Records to process:
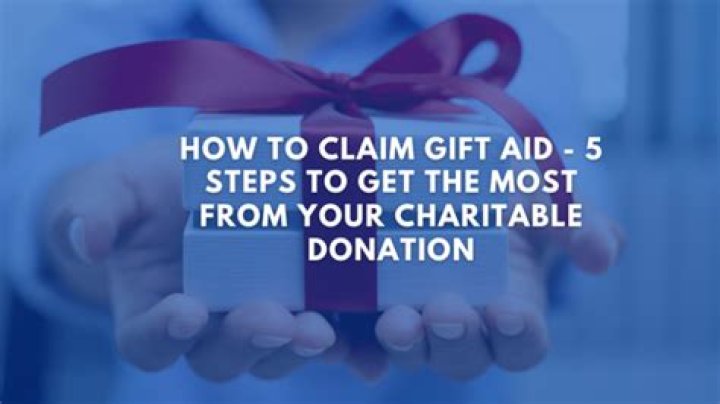 How many years back can you claim Gift Aid?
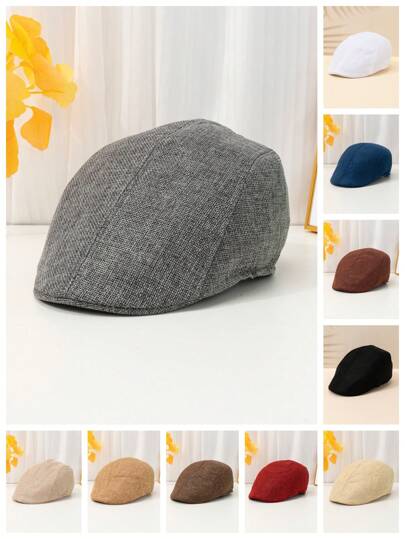 Vintage 1 pezzo di alla moda Cappello di Berretto in Rete Leggero e Traspirante da Uomo, adatto come regalo per uomo, per outfit quotidiani, appuntamenti e feste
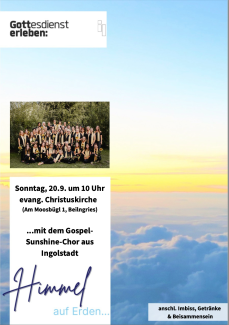 Gottesdienst erleben in Beilngries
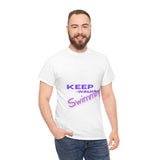 KEEP Swimming Swan  Unisex Heavy Cotton Tee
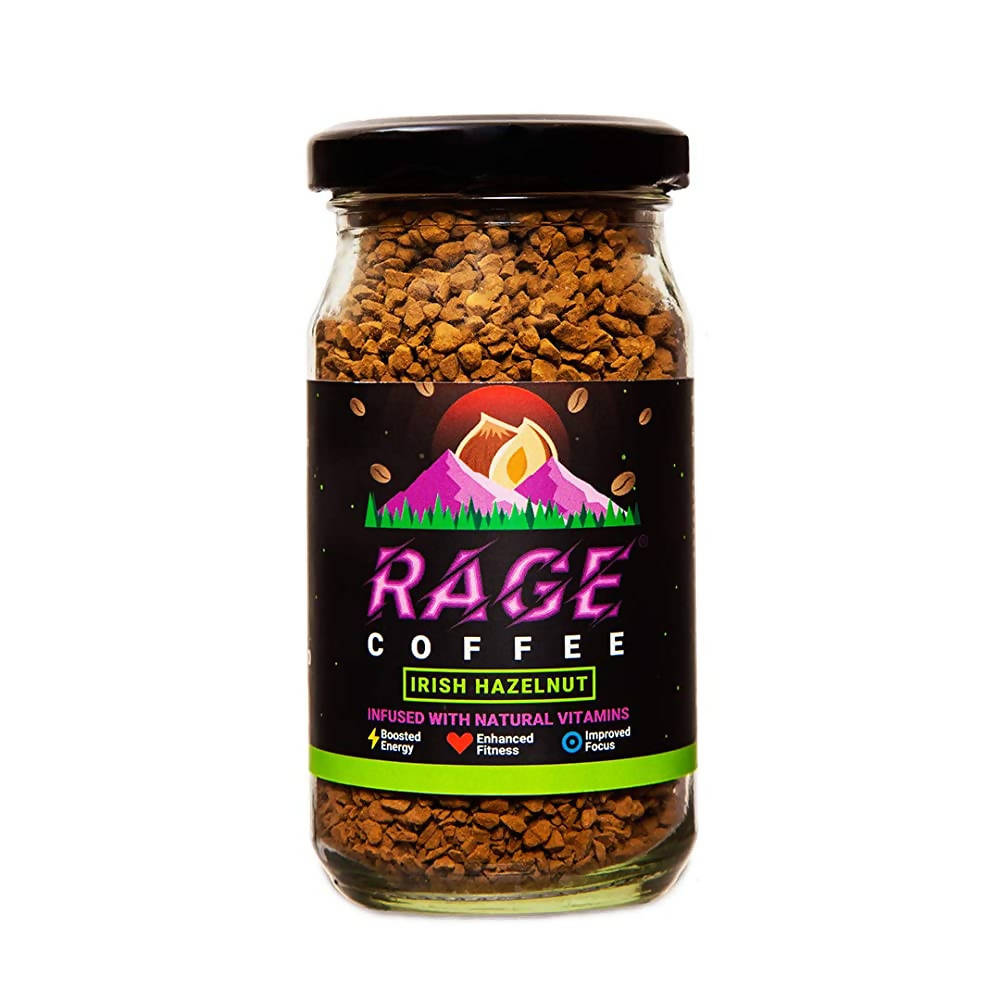 Buy Rage Coffee Irish Hazelnut Instant Coffee from DrMediCart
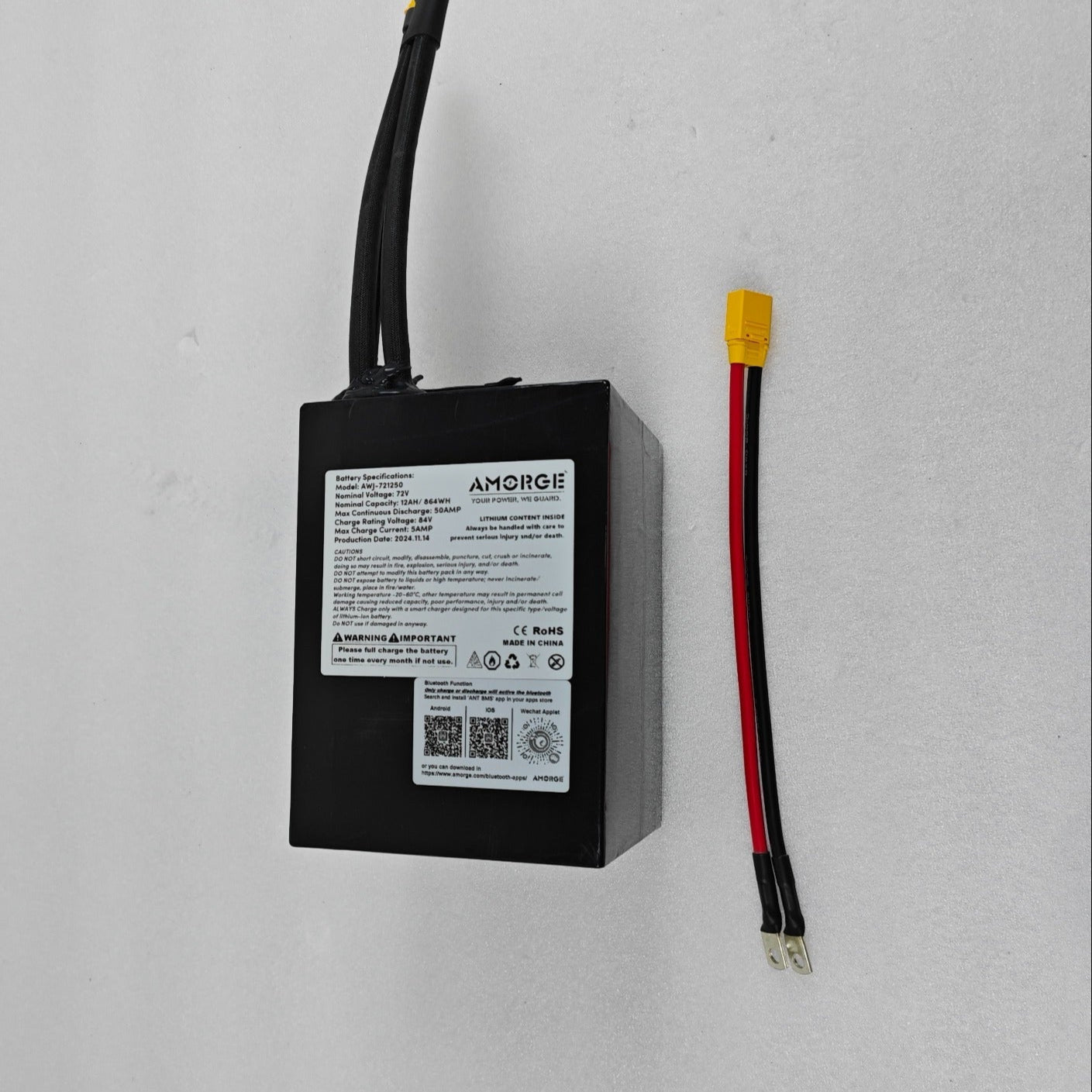 72V 12Ah Razor Battery Pack (10kW+)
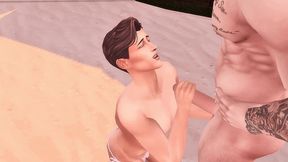 alpha bear fucks his omega friend hard in juicy ass (sims + gay porn)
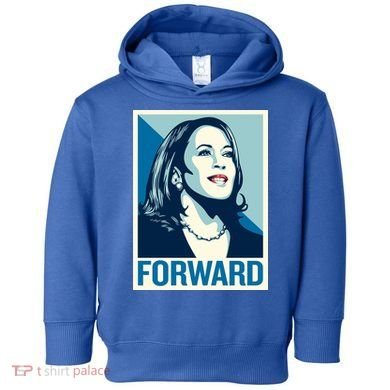 Kamala Harris Forward Election Toddler Hoodie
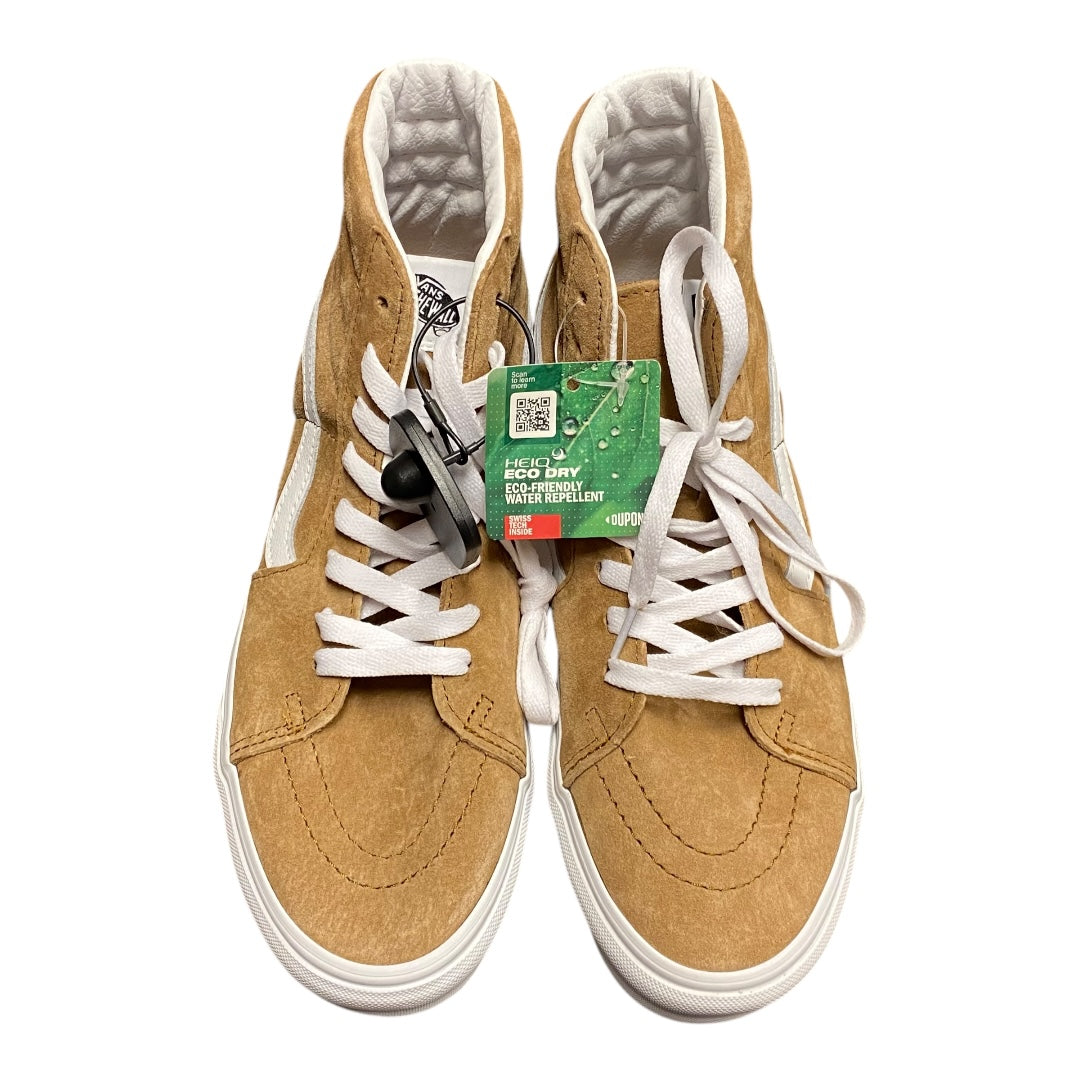 Shoes Athletic By Vans In Tan, Size: 9.5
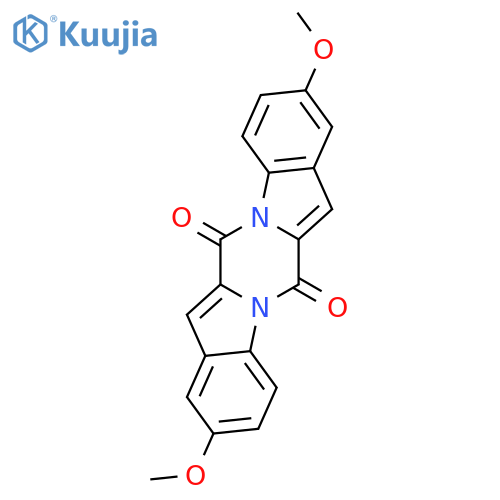 6H,13H-Pyrazino[1,2-a:4,5-a']diindole-6,13-dione, 2,9-dimethoxy- structure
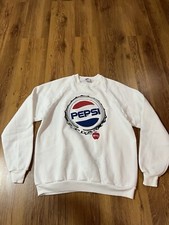 Vintage 80S Pepsi Crewneck Sweater, Few Spots On Sweater Cause Of Age. Size XL  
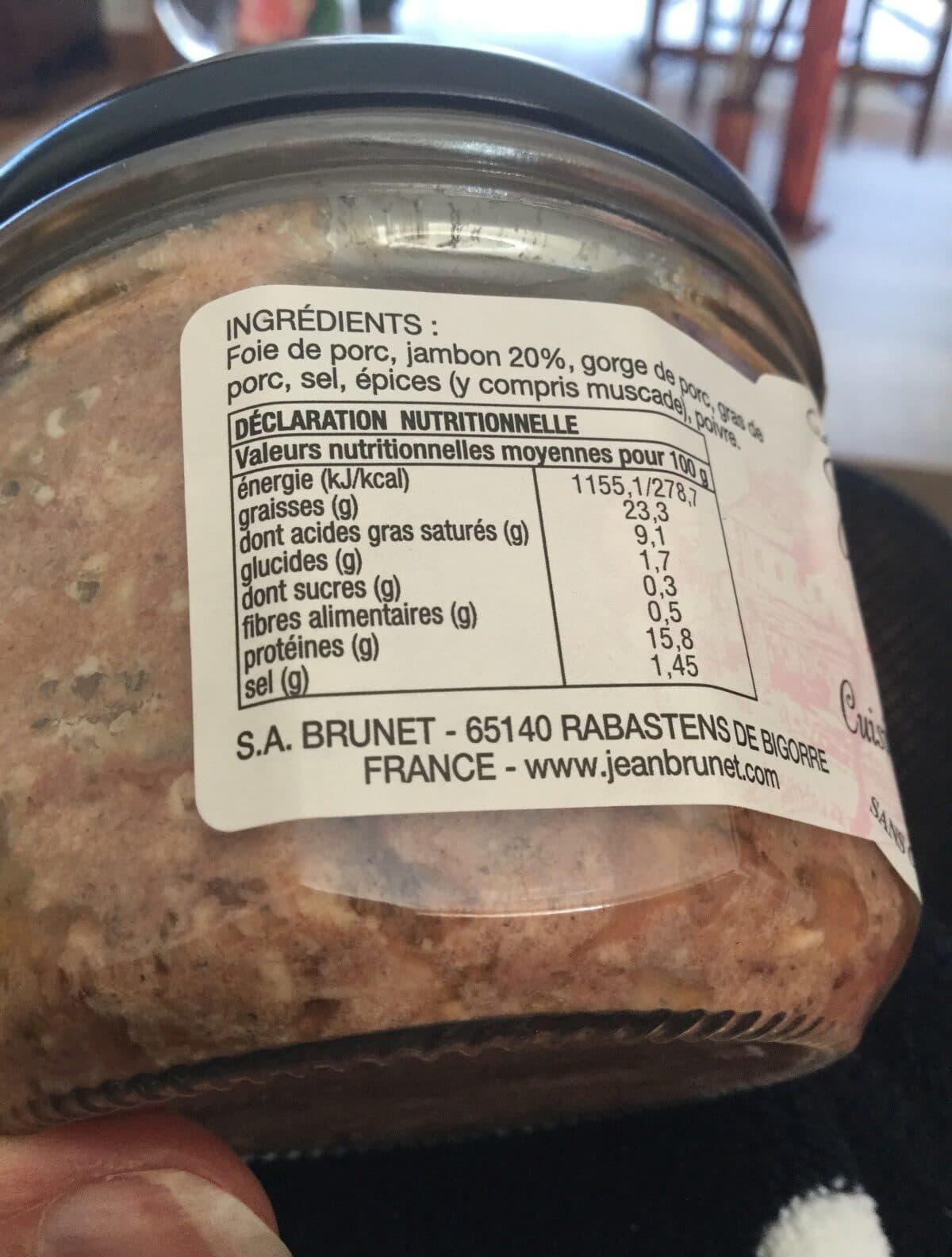 Jean Brunet Pate de jambon packshot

What to do:
Return all records exactly; no pictures.

Your solution:
 How many years back can you claim Gift Aid?
 Vintage 1 pezzo di alla moda Cappello di Berretto in Rete Leggero e Traspirante da Uomo, adatto come regalo per uomo, per outfit quotidiani, appuntamenti e feste
 Gottesdienst erleben in Beilngries
 KEEP Swimming Swan  Unisex Heavy Cotton Tee
 Buy Rage Coffee Irish Hazelnut Instant Coffee from DrMediCart
 72V 12Ah Razor Battery Pack (10kW+)
 alpha bear fucks his omega friend hard in juicy ass (sims + gay porn)
 Kamala Harris Forward Election Toddler Hoodie
 Shoes Athletic By Vans In Tan, Size: 9.5
 6H,13H-Pyrazino[1,2-a:4,5-a']diindole-6,13-dione, 2,9-dimethoxy- structure
 Vintage 80S Pepsi Crewneck Sweater, Few Spots On Sweater Cause Of Age. Size XL  
 Jean Brunet Pate de jambon packshot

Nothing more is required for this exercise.